Given material ->
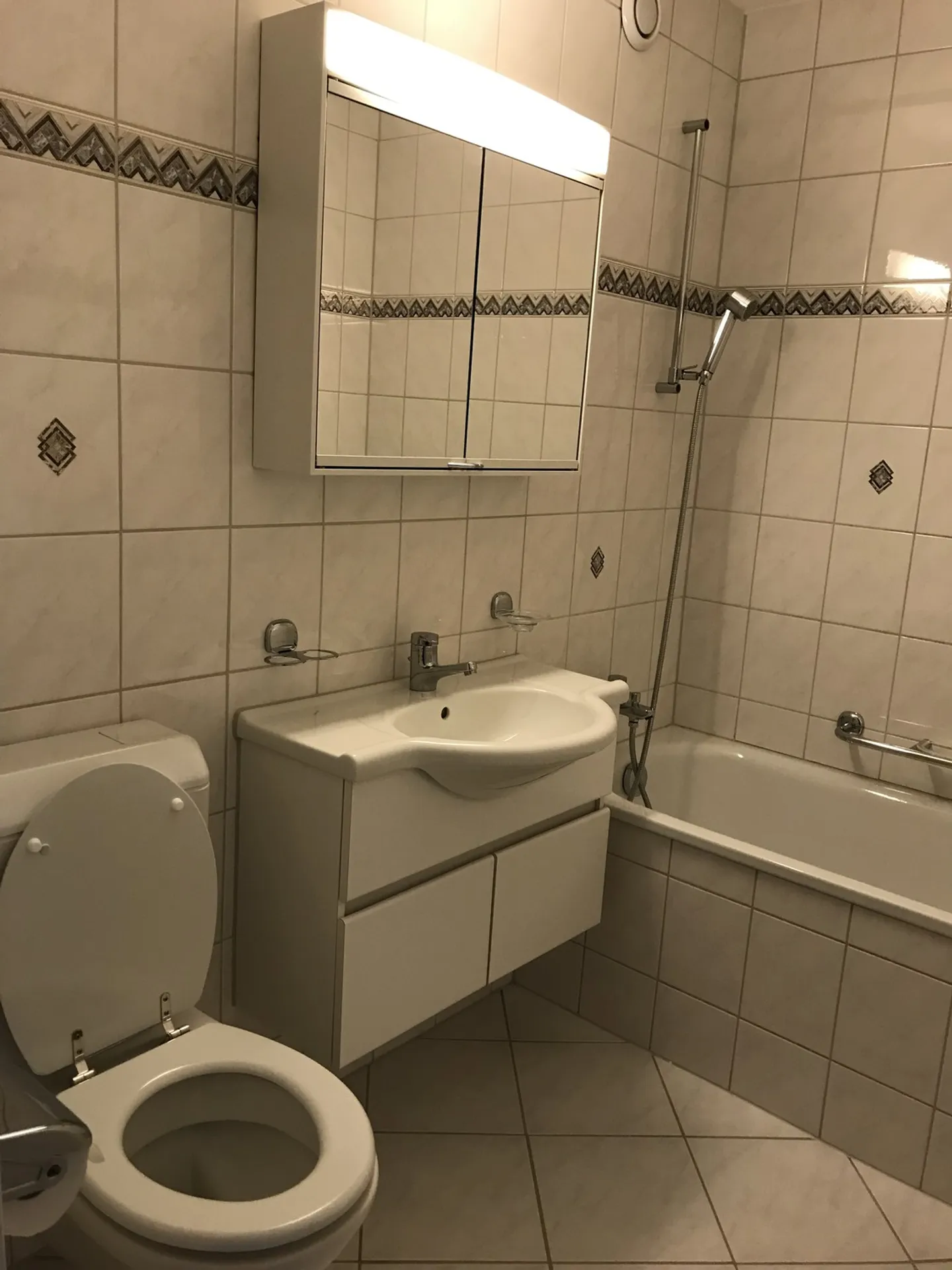 Appartamento affascinante di 3,5 stanze con balcone ad Adliswil - disponibile immediatamente - Foto 10 di 13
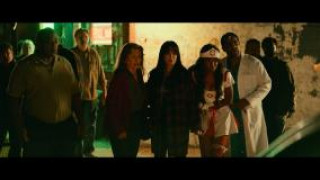 Кадр з фільму Хелловін убиває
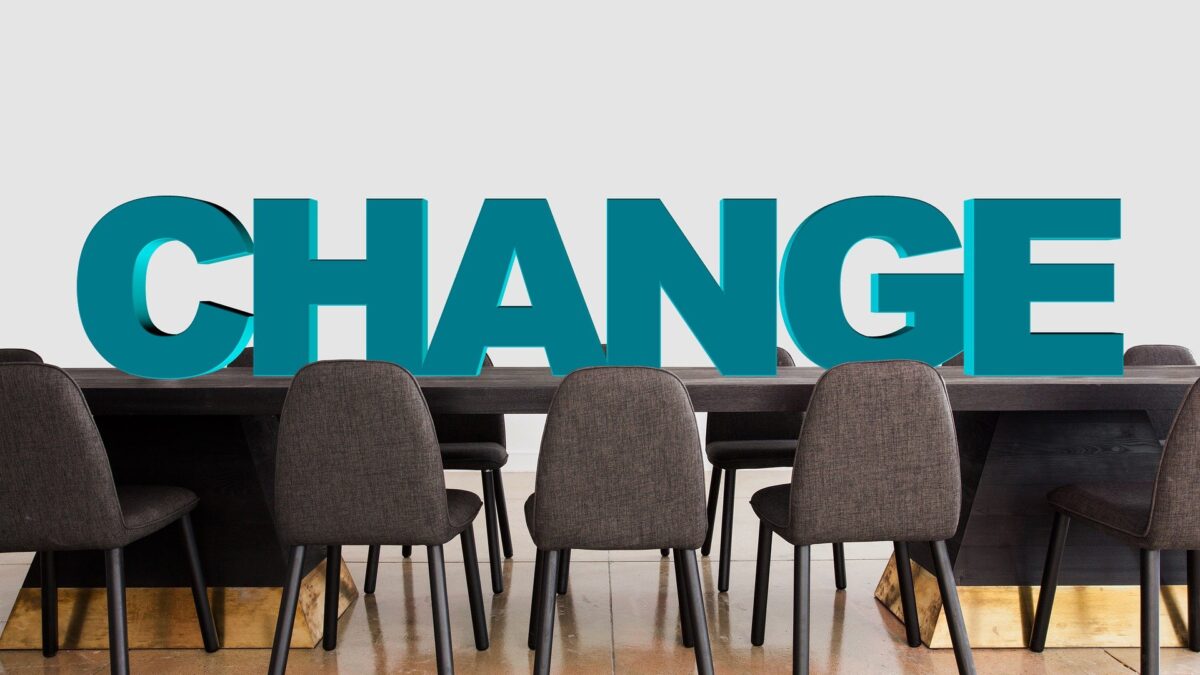 10 Reasons For Deploying Change Management In Your Organization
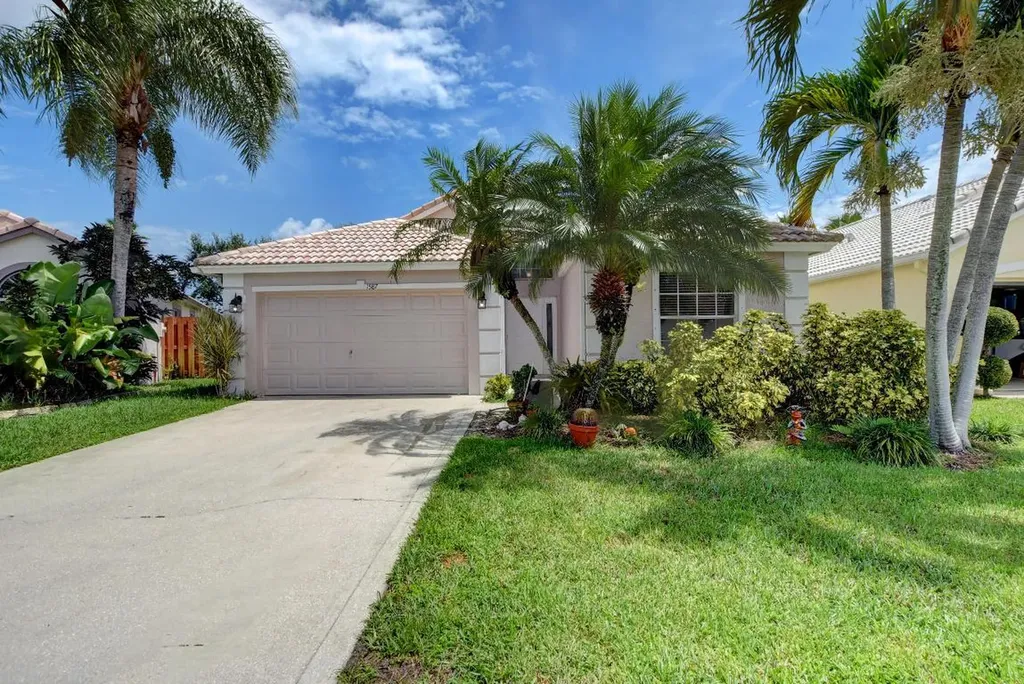 1587 Carriage Brooke Drive Wellington FL 33414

Exercise requirements ->
Please copy out the material above exactly, with the images removed.

Expected answer ->
 Appartamento affascinante di 3,5 stanze con balcone ad Adliswil - disponibile immediatamente - Foto 10 di 13
 Кадр з фільму Хелловін убиває
 10 Reasons For Deploying Change Management In Your Organization
 1587 Carriage Brooke Drive Wellington FL 33414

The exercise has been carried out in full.